For Biden, Iranian Hard-liner May Be Best Path to Restoring Nuclear Deal
The next six weeks before a new government takes office in Tehran may be a unique window for clinching an agreement that Iran’s leadership has been delaying.
Iran’s announcement on Saturday that an ultraconservative former head of the judiciary, Ebrahim Raisi, has been elected president now touches off an unpredictable diplomatic drama: The ascension of a hard-line government in Iran may actually present the Biden administration with a brief opportunity to restore the 2015 nuclear deal with the country.
President Biden’s top aides, who have been negotiating with Iranian officials behind closed doors in Vienna — passing messages from hotel rooms through European intermediaries because the Iranians will not meet them directly — believe the moment may have come. And, they say, the next six weeks before Mr. Raisi is inaugurated present a unique window to strike a final deal with Iran’s leadership on a painful decision it has been delaying.
Officials in both Washington and Tehran contend that Iran’s supreme leader, Ayatollah Ali Khamenei, wants to restore a nuclear agreement with the West — which President Donald J. Trump ripped up more than three years ago — in order to lift the crushing sanctions that have kept Iranian oil largely off the market.
In fact, the detailed wording of the resurrected agreement was worked out weeks ago in Vienna, the same city where the original accord was finalized six summers ago, senior officials say. Since then, the resurrected agreement has sat, largely untouched, awaiting an election whose outcome had seemed engineered by the ayatollah. Mr. Raisi is one of his protégés and many believe he is the leading candidate to become the nation’s next supreme leader when Ayatollah Khamenei, now 82, dies.

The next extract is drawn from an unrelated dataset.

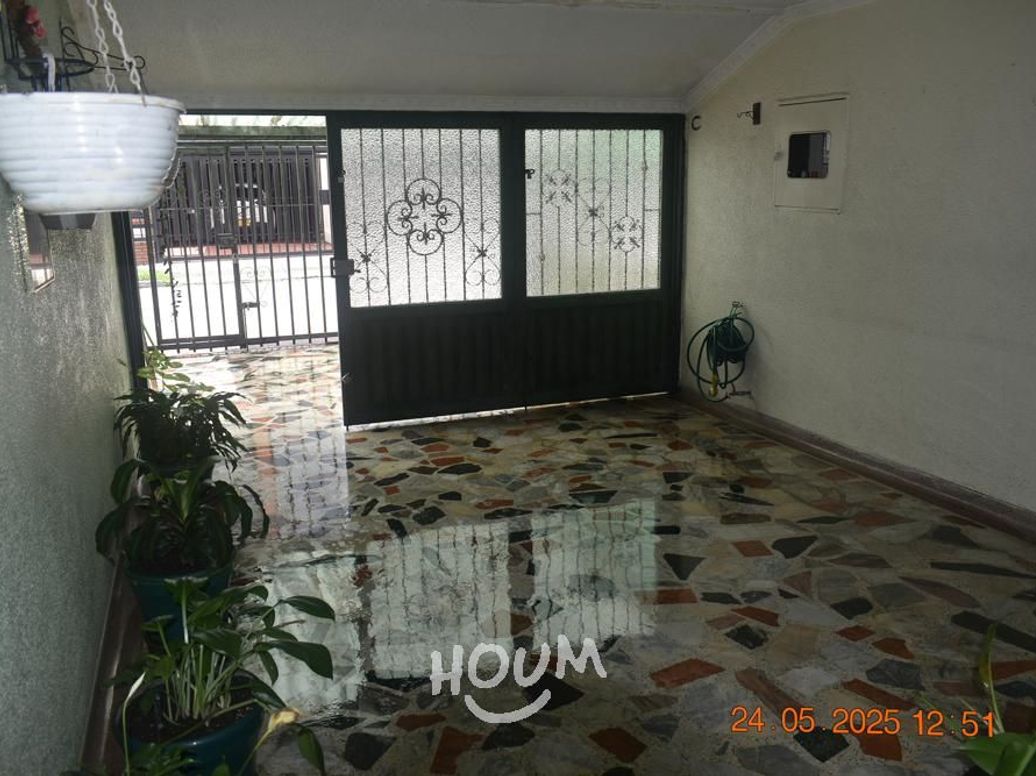 Casa de 4 alcobas en venta en Modelia, Bogotá, 400 m² · foto 3 de 20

The theory in Washington and Tehran is that Ayatollah Khamenei has been stage-managing not only the election but the nuclear negotiations — and does not want to give up his best hope of ridding Iran of the penalties that have kept its oil out of a resurging market.
So the indications inside the negotiations are that the final decision to go ahead with the deal could come in the next few weeks, before Mr. Raisi is inaugurated and while Iran’s older — and by some measures more moderate — government is still in office.
That means Iran’s moderates would be set up to take the blame for capitulating to the West and bear the brunt of popular anger inside Iran if sanctions relief does not rescue the nation’s stricken economy.
But if the deal comes together, the new conservative government under Mr. Raisi can take the credit for an economic upswing, bolstering his case that it took a hard-line, nationalist government to stand up to Washington and bring the country back.
“For Iran, this is a real Nixon-goes-to-China moment,’’ said Vali Nasr, a professor of political science at Johns Hopkins University’s School of Advanced International Studies, who is close to the negotiations. “If anyone other than the conservatives made this deal with Biden, they would be torn up,” he said of Iran’s new leadership. “The bet is that they can get away with it. No one else could.”
If Mr. Biden’s bet works, and a hard-line government is the pathway to fulfilling his campaign promise to restore a deal that was largely working until Mr. Trump scrapped it, it would be only the latest strange twist in an accord that has left no one happy — not the Iranians, and not the Americans.
Mr. Trump was the agreement’s greatest critic, but a primary objection seemed to be that it was negotiated by the Obama administration. In an interview during the 2016 campaign, he struggled to articulate its flaws. But he later suggested that restrictions on Iran ended too early, and that the deal did nothing to curb Iran’s missile program or its aid to terrorist groups around the Middle East. The day he pulled out of the accord he called it “a horrible one-sided deal that should have never, ever been made.”
Mr. Trump and his secretary of state, Mike Pompeo, had predicted that once sanctions began to crush Iran, its leaders would come begging for a deal and agree to terms more favorable to the United States and its Western partners.
They didn’t — and after European powers, who desperately tried to keep the deal alive, failed to deliver on its promises to make up for some of Iran’s lost revenue, the Iranians resumed their production of nuclear fuel. By American intelligence estimates, Iran is now months from having enough fuel to produce a few nuclear weapons — but that does not mean it is technologically ready to make that leap.
A publicly released U.S. intelligence estimate in April concluded that “Iran is not currently undertaking the key nuclear weapons-development activities that we judge would be necessary to produce a nuclear device.” The Israelis disagree.
So, for weeks now, a team led by Robert Malley, the State Department’s special envoy for Iran, whose ties to Secretary of State Antony J. Blinken go back to high school, has been shuttling to Vienna to try to resurrect the agreement that he, Mr. Blinken and others negotiated in 2015.